As both an advocate of private sector road financing and an Arizona taxpayer, I’m pleased to report that Arizona Gov. Jan Brewer has signed into law House Bill 2396, which overhauls and modernizes the state’s enabling legislation to facilitate privately-financed transportation infrastructure through public-private partnerships (PPPs).
This is a very positive development for Arizona which, despite the current recession and hard-hit metro housing market, is poised for significant long-term growth and lacks the funding for the infrastructure necessary to support it. As I wrote in the Arizona Republic last March:
Public-private partnerships offer Arizona good options at a time when tax dollars are stretched thin and traffic is worsening. These partnerships won’t entirely close the funding gap, and they won’t be appropriate for every project. But they are a powerful tool that is particularly well-suited for big-ticket projects like interstate expansions; truck-only toll lanes to improve safety; boosting the economy by speeding the movement of goods; and adding road capacity in the Phoenix-Tucson corridor. […]
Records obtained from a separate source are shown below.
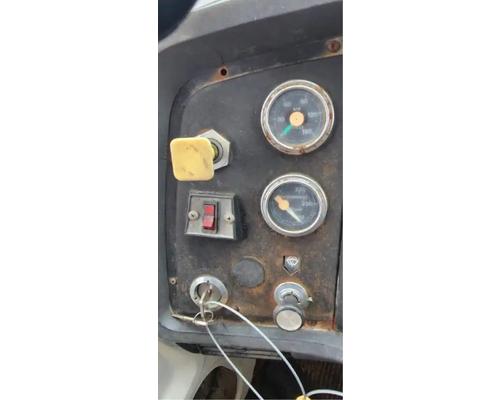  Ford LN8000 Instrument Cluster #
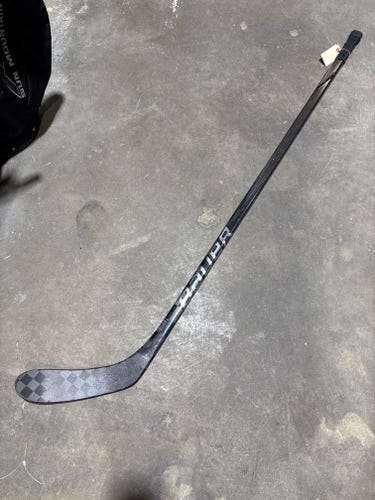 Intermediate Bauer Vapor Hyperlite 2 Hockey Stick Right Handed 55 Flex Pro Stock | 57"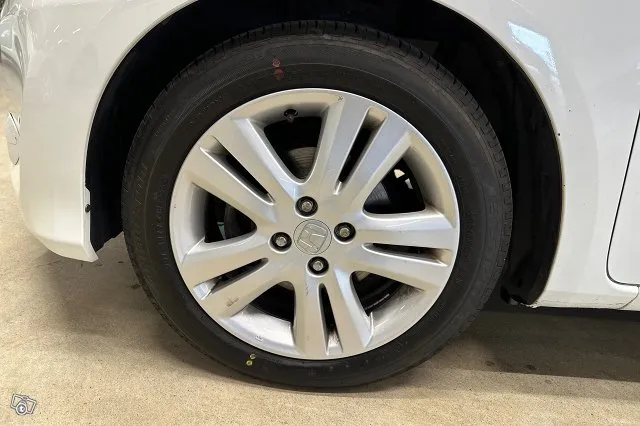 Honda Jazz 5D 1,4i Comfort Plus CVT *Vakkari / Ilmastointi / 2x renkaat* Image 9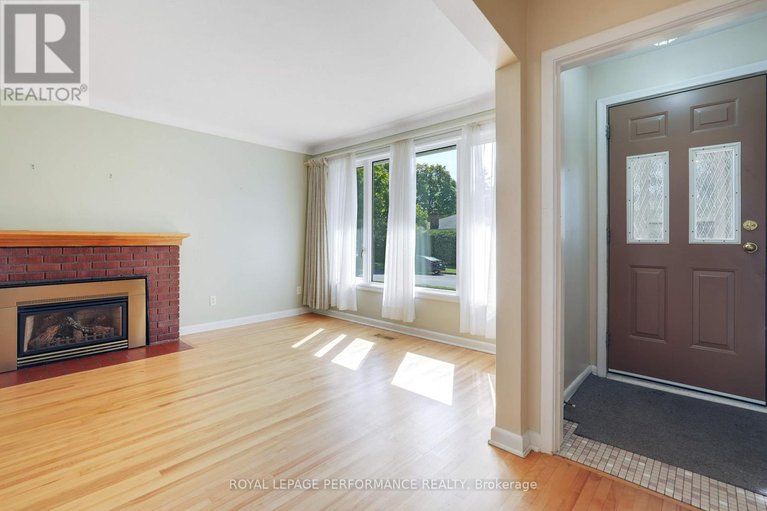 28864113/773-fairdale-avenue/elmvale-acres/ottawa/ontario/K1G1X6_3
The potential in Arizona is tremendous. Private companies can finance roads upfront and get them built quickly. For the health of the economy, it is vital that Phoenix’s infrastructure investment keep pace with population growth.
Those worsening morning commutes across the Valley are evidence that the government is struggling to do so. The status quo will deliver aging roads and traffic jams. It’s time to fundamentally rethink how we fund our roads and highways.
The enactment of HB 2396 is a sign that the “rethinking” is well underway in Arizona. Kudos to the legislature, Brewer and the Arizona Department of Transportation for taking proactive steps to address the state’s looming growth challenges and joining California, New York, Puerto Rico and other states that have recently embraced PPPs and innovative transportation finance to close major infrastructure gaps.